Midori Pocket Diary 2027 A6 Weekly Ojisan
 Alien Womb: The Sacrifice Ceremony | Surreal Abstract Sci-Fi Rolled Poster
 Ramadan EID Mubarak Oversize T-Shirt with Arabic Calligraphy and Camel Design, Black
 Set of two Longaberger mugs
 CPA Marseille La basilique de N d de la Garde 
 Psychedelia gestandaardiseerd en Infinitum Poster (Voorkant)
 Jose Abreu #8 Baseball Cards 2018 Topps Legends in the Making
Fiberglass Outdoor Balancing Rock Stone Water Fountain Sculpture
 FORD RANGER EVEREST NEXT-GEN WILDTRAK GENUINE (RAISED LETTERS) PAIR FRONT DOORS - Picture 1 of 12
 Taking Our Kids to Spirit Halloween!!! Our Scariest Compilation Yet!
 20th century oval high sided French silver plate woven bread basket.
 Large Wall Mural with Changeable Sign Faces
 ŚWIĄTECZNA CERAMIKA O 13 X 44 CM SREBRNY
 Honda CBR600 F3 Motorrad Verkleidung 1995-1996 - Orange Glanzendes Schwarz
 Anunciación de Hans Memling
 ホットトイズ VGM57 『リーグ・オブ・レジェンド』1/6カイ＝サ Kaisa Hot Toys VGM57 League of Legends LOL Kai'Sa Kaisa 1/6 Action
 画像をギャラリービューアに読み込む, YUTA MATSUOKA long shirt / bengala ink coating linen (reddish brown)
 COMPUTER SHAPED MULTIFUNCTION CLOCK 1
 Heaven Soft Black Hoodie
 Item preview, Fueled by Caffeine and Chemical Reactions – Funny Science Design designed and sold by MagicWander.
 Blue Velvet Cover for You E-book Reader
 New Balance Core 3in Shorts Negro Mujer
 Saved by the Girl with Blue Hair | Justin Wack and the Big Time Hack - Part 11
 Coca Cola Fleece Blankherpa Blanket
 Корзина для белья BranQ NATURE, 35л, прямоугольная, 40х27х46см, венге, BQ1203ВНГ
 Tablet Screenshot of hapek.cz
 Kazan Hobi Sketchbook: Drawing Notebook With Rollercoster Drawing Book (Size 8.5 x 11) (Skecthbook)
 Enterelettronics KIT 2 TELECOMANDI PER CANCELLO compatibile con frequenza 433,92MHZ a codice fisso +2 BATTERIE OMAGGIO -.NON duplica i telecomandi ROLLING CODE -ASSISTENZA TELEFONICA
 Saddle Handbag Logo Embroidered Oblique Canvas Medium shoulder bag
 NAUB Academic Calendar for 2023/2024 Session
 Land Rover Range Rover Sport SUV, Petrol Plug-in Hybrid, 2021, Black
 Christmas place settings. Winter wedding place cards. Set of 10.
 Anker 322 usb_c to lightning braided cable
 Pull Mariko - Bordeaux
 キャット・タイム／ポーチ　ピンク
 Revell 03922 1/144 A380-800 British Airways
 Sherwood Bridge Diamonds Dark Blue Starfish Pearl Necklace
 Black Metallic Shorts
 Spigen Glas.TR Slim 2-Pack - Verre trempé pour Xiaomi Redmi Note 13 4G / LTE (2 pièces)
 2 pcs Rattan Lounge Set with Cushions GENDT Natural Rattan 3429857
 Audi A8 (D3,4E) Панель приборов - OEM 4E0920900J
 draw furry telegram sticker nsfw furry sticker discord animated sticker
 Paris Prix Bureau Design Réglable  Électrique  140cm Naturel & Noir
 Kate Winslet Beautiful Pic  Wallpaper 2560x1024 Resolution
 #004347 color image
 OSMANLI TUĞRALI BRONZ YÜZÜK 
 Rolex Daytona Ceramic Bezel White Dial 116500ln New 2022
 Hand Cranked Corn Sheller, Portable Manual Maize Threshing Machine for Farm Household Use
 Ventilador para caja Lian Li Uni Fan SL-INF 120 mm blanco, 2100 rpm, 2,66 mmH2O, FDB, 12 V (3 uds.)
----
Work instruction ::
Number of lines in the records above holding the word "Legends": state it and nothing else.

Task response ::
2